The two people cited above said this part of the SIAC ruling would form the basis of Amazon’s argument before the Supreme Court, which had earlier held that SIAC’s ruling is valid and enforceable in India as per the country’s arbitration and reconciliation laws.

A Future Group spokesman said the “purported facts are grossly untrue", in response to Mint’s queries on the SIAC ruling. The Future Group spokesman said an internal email from Rakesh Bakshi, head, legal and assistant general counsel, Amazon India, to Jeff Bezos (founder of Amazon) reveals how Amazon viewed and planned to enforce its agreements.

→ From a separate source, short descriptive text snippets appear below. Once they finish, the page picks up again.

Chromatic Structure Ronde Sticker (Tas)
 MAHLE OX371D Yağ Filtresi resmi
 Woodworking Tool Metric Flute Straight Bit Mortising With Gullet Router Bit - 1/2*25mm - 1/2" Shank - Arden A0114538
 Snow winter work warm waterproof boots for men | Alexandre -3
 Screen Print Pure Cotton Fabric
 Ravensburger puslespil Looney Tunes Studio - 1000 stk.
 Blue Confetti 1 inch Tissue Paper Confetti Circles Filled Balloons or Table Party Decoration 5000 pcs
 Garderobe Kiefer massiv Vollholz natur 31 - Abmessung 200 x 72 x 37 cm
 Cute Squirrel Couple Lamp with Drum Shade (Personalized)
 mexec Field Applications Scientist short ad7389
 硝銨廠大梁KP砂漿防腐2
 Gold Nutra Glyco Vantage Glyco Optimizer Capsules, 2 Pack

“The documents lay bare how Amazon’s intended to circumvent Indian laws that restrict it from having any rights in retail entities in India through a ‘twin-entity structure’. This disclosure can result in cancellation of approvals given for Amazon’s transactions with Future Group companies, acquisition of More retail network and other networks and commensurate fines and penalties can be levied by Enforcement Directorate and other bodies. It also shows how—for a measly value of $41 million (about 280 crore) as detailed by its own calculations—Amazon is holding ransom a 24,500 crore Future Group -Reliance transaction that can bring relief to banks, lenders, operational creditors and employees of Future Group," said the Future Group spokesman.

An Amazon spokesperson did not respond to a query seeking comment.

On 8 November, Future Retail filed a special leave petition before the Supreme Court against Delhi high court’s 29 October interim order on the SIAC verdict.

On 29 October, the Delhi high court rejected Future Retail’s plea to stay the 21 October interim order passed by SIAC, the Singapore arbitration court. The high court has asked Amazon to respond to the matter and has scheduled the next hearing for 4 January.